We Christians are a rejoicing people. We Christians are a community of hoping people. And we are a people whose specialty is in the art and the practice of waiting expectantly in hope. “The people who walked in darkness have seen a great light,” Isaiah confidently proclaims (1st Reading). What was promised of old by Isaiah, today is fulfilled: “Today a Savior is born for us; Christ the Lord!” (Responsorial Psalm). We may be led here to Church (much more than ordinary Sundays and feast days) for the great cultural pull of custom and habit, deeply ingrained in us through the centuries. We may be here tonight for less than the ideal and right motivations. We may be here simply because it is Christmas, and there is nothing better on Christmas night to do than be seen, be felt, and be heard – together with others – singing or praising, or just quietly watching the goings on in church or chapel from Batanes to Busuanga, from Caloocan to Copenhagen.

But the glaring fact is … we are here. We are here for big or small reasons. Allow me to enumerate some of those reasons that bring us here – if you will – the reason for the season!

First and foremost, the more than 4,000 Filipinos in Dubai who attend Simbang Gabi at the Cathedral church every night, could not be there solely because it is “the most wonderful time of the year.” I would like to believe that they are there, primarily because they are in awe, and in deep gratitude to God, for they find themselves part of the hordes of what the Philippine government loves to call “bagong bayani ng bayan” (modern-day heroes).
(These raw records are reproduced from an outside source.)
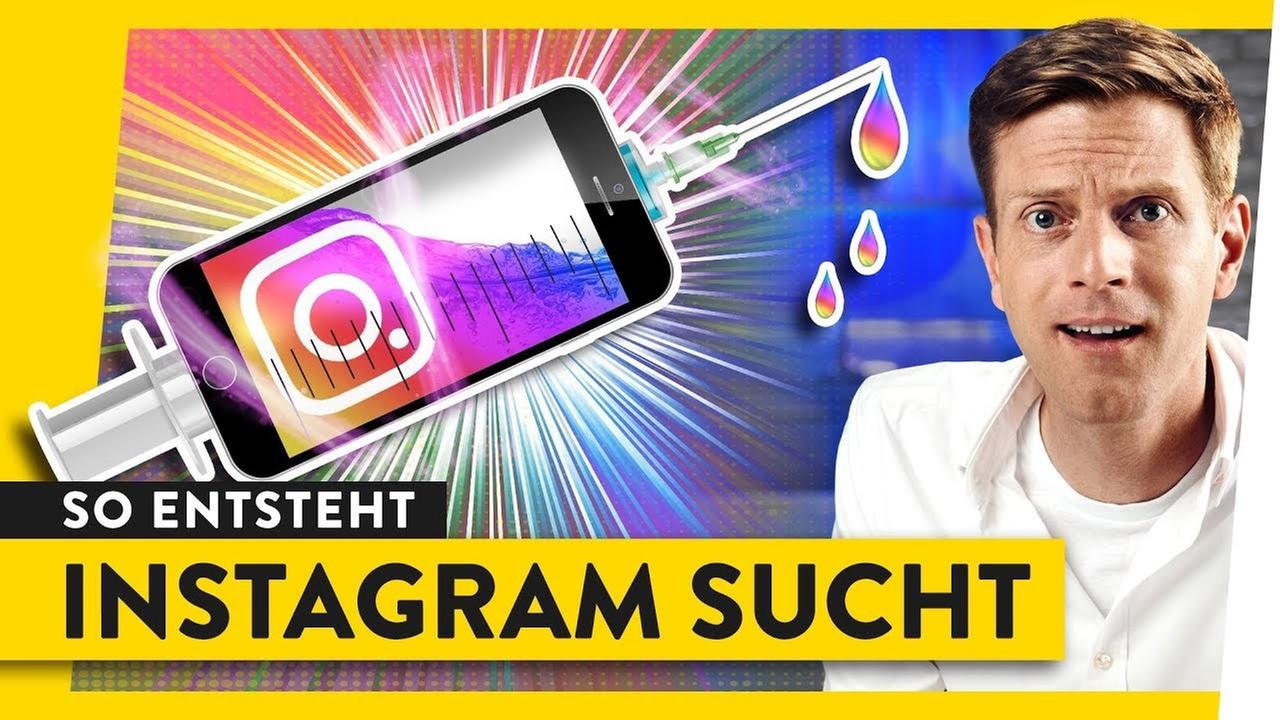 Wie Insta dich absichtlich abhängig macht! - WALULIS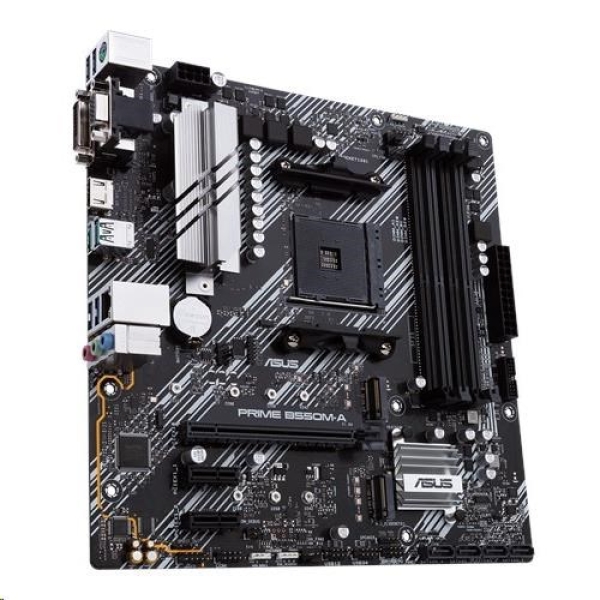 ASUS PRIME B550M-A/CSM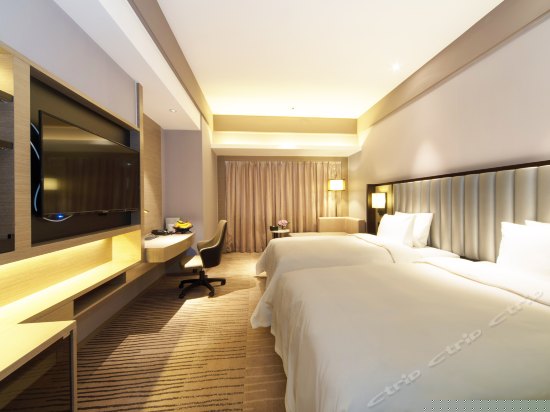 经典豪华双床间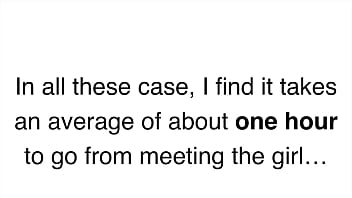 Get laid by any girl guarantee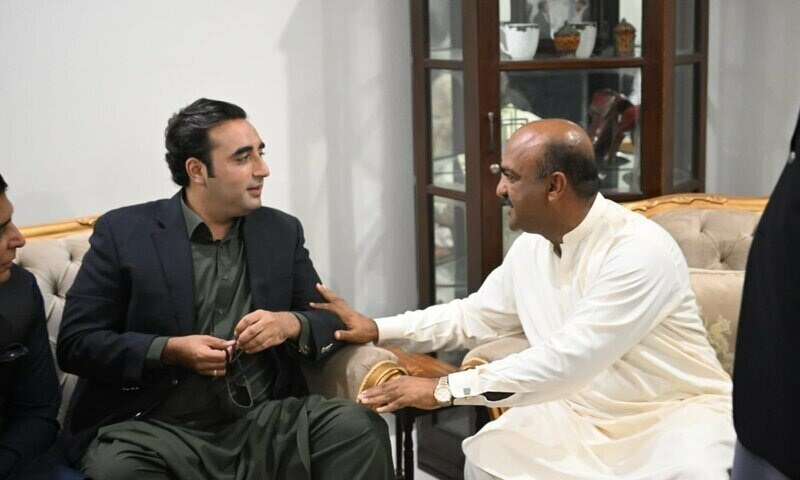 Establishment&rsquo;s real test will be in upcoming days, says Bilawal as Chan rejoins PPP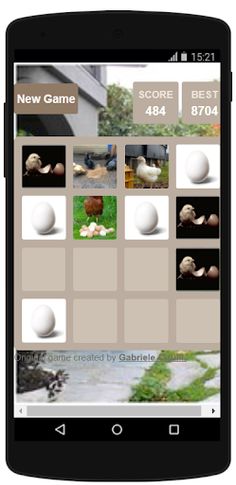 The Life Of Chickens - Screenshot 1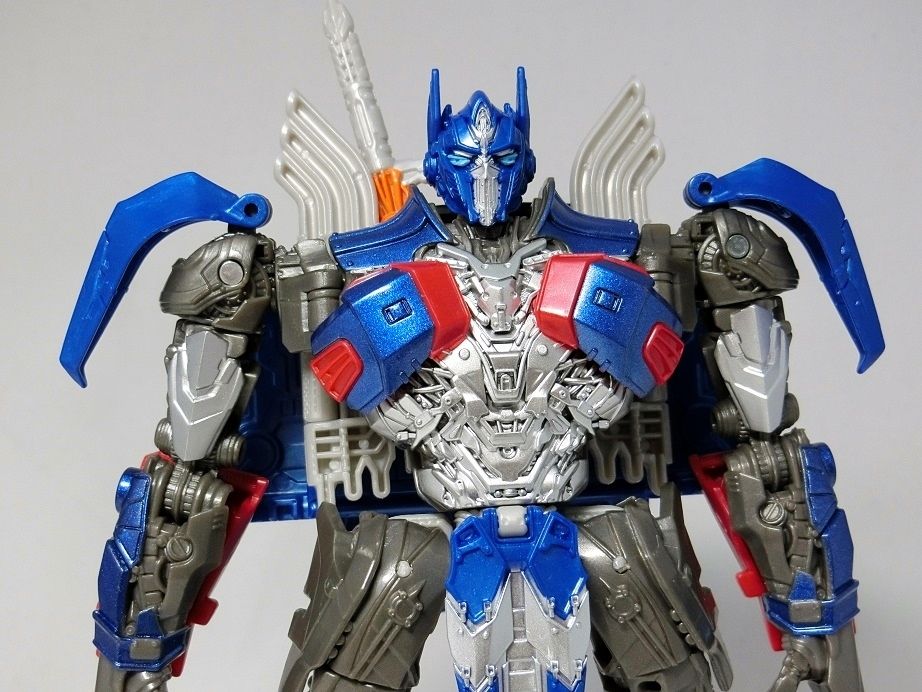 TF TLKEX オプティマスプライム : トランスフォーマーのリペとか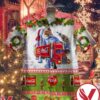 Santa Claus Coca Cola It’s Christmas Hawaiian Shirt, Unique Gifts For Friends - Vesles2014S 1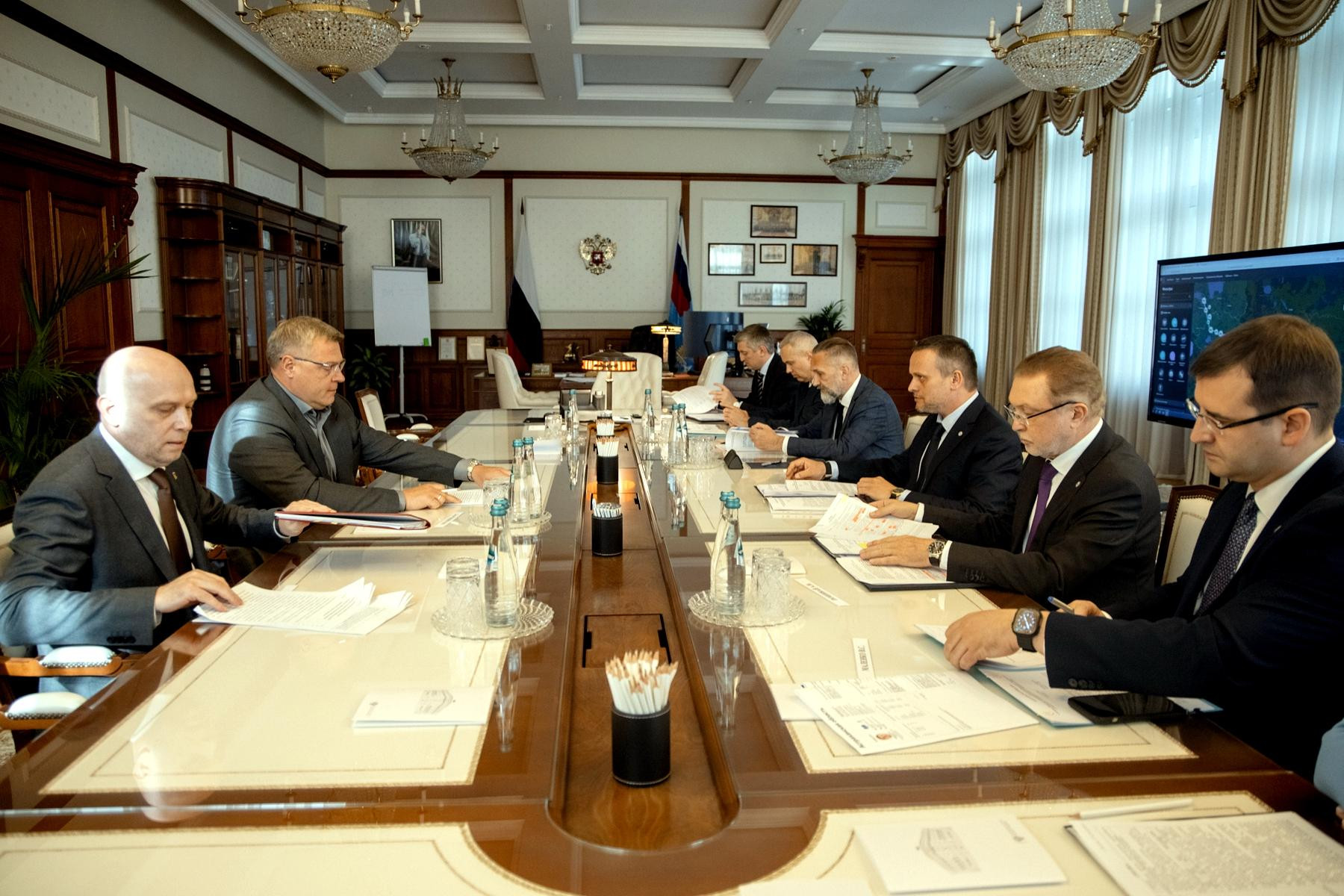 Ремонт АПП Караузек на границе с Казахстаном сократит время автомобильного перехода до 10 минут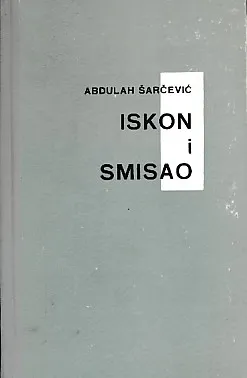 Iskon i smisao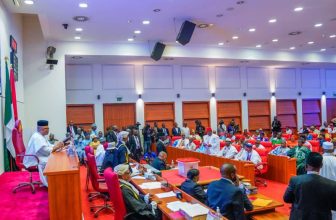 Senate backs Tinubu’s $21.5bn external borrowing plan, approves multiple loan, bond requests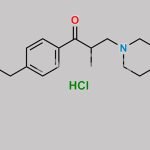 Eperisone Hydrochloride CAS#: 56839-43-1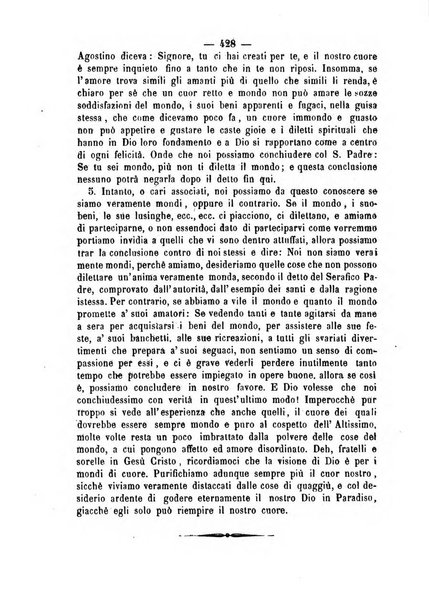 Annali francescani periodico religioso dedicato agli iscritti del Terz'ordine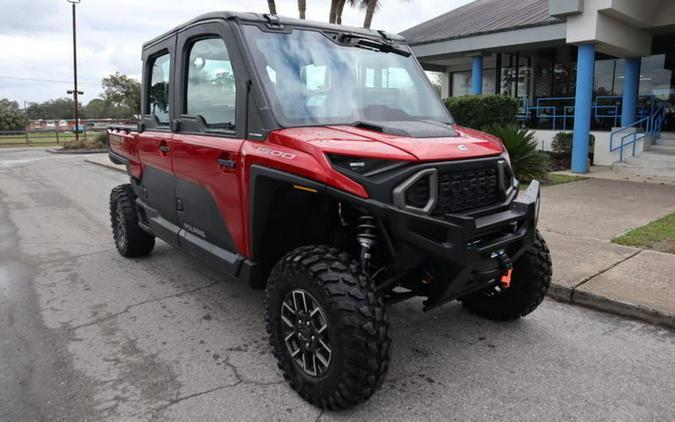 2024 Polaris Ranger Crew XD 1500 NorthStar Edition Ultimate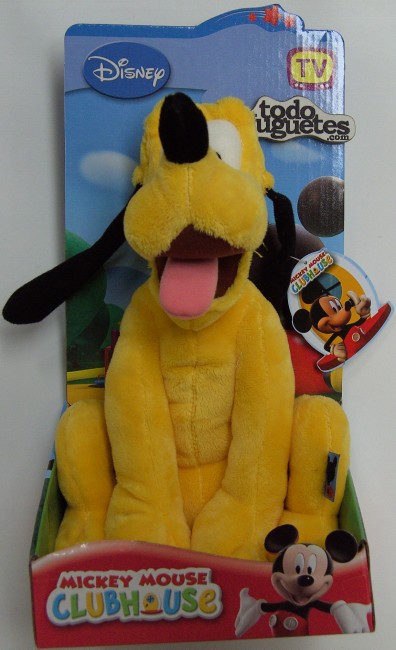 peluches de la casa de mickey mouse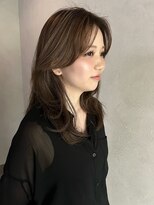 サロンエフ(salon f)&nbsp;ハイライトグレージュ
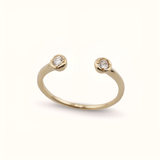 Open Cuff Ring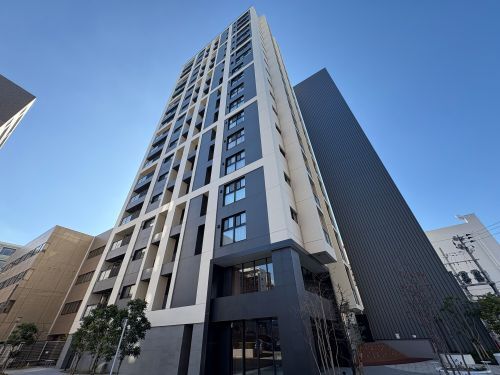 建物外観　マンション外観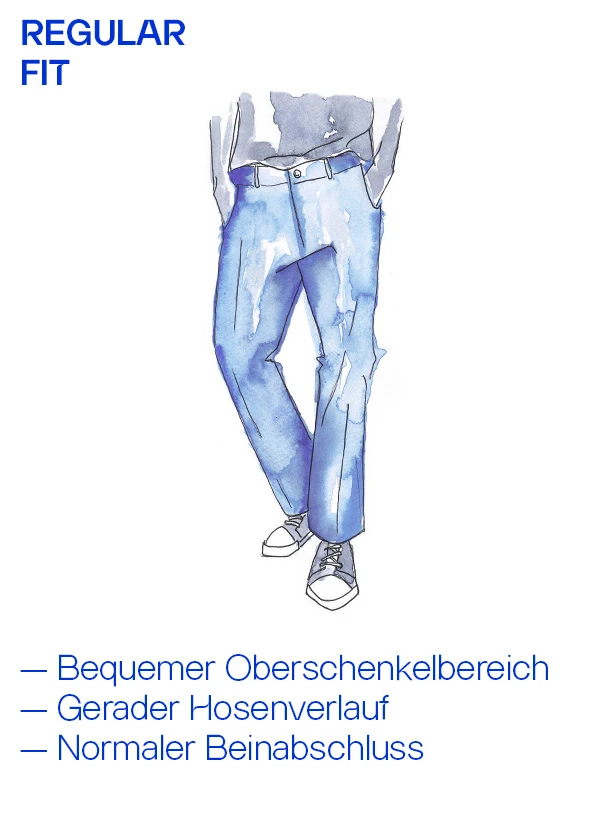 BOGGI MILANO, Hose Justin, Regular Fit, Baumwolle-Tencel™, navy BOGGI MILANO, Hose Justin, Regular Fit, Baumwolle-Tencel™, Navy -Herrenausstatter Verkaufe 03 hose regular illus 600x820 21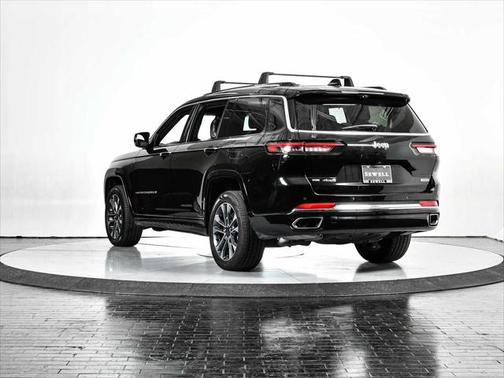 2022 Jeep Grand Cherokee L Overland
They may not be real heroes for the nation, but they are heroes all the same … heroes for their equally heroic families back home who sacrifice a lot in the present, to assure a whole lot more in the future. We Christian believers are not only “forward looking.” We not only dream about tomorrow, or wait passively for something vague about what’s probably coming up ahead. No … we are also a “forward-moving” people. We dream for family. We dream for our nation and people. We dream for a better tomorrow. But we also dare and do. We go places. We are a pilgrim people, like the more than 175 million migrants all over the world as of last year. Did I tell you that we Filipinos are present in at least 95 out of about 130 sovereign nations all over the world?

There are pilgrims tonight who also dream, dare, and do like us Christian believers. Angels tonight are sent out in full force. They are “messengers” sent by God. They are not around to give more messages to Joseph and Mary. They are there to proclaim the glory of God who has wrought wonders through Joseph and Mary’s acceptance of messages given through Gabriel. “You will conceive and bear a son.” “Fear not about taking Mary as your wife.” The pilgrim angels are here around to sing the praises and the glory of God, “[who] has come and redeemed His people.” They sing “Hosanna in excelsis … Glory to God in the highest!” Their mission … to sing the glory of God, to proclaim His glory for “a people who walked in darkness have seen a great light.”

There are pilgrim shepherds around, too. In this ordinary night, made extraordinary by very ordinary folks who could only afford to get lodging in a cave, and lay their child in a manger, it was pilgrim shepherds who followed the guidance of pilgrim angels. Although originally afraid, they were the first to have the privilege of beholding the glory of God-made-man. “A savior has been born for you, who is Christ and Lord.” The shepherds, originally more like vagrants leading their hungry flock, now become migrants of hope, whose lives changed forever – changed by a pilgrim-God who came, who “migrated” of his own volition into our sinful world, “who became like us in everything except sin.”

There are wise men in pilgrimage, too, on this night. Learned though they most likely were, they went down from their lofty pedestals of knowledge. The pilgrim wise men were on a pilgrimage of truth. They were in search for the truth-in-person. For guidance, they followed no despot, no ruler, no ambitious – and blinded – power-that-be like Herod, who only pretended to be in search. He was really out for a witch hunt … out to crush truth taking-on-flesh in the person of the little boy-child laid in a manger.

But most of all, there is this pilgrim-family of Joseph and Mary-with-child, migrants from Nazareth, roused to movement from a decree of a census from Caesar Augustus.
“And Joseph too went up from Galilee from the town of Nazareth to Judea, to the city of David that is called Bethlehem, because he was of the house and family of David,
to be enrolled with Mary, his betrothed, who was with child” (Gospel). Like many Filipino families now, all over the world, the Holy Family was a family of migrants. They left their hometown, forced by circumstances beyond their control.

We are a people in pilgrimage. We are a people of great rejoicing because our God, too, was in a pilgrimage of salvation-redemption on behalf of His beloved people. Angels were pilgrims with a message. Now they are pilgrims with, not just a message, but a proclamation: “Hosanna in excelsis!” Shepherds, too, were on pilgrimage. What was originally lowly work became lofty worship. “The glory of the Lord shone around them.” The Holy Family are pilgrims-in-mission. They moved. They traveled to Bethlehem to bring forth the fulfillment of promises of old. “And this will be a sign for you: you will find an infant wrapped in swaddling clothes and lying in a manger.”

And the rest is history that now influences the story of each and everyone of us. God’s dream for us that brought His own Son to sinful humanity in a pilgrimage of salvation has become reality for us this Christmas night.

We cannot pretend to do more than the pilgrim-angels did, but neither can we afford to do less. We are a rejoicing people. In pilgrimage, though we still are, on the way to our heavenly Jerusalem, we are never alone in our journey. In the desert situation that our life-as-pilgrimage basically is in this world, God has come down to us in Christ, and “pitched his tent in our midst” (Verbum caro factum est, et habitavit in nobis). And so tonight, together with all fellow pilgrims in heaven and on earth, we cry out in sheer rejoicing: “Glory to God in the highest, and on earth peace to those on whom his favor rests.”

And yes … did I mention it? MERRY CHRISTMAS TO ONE AND ALL!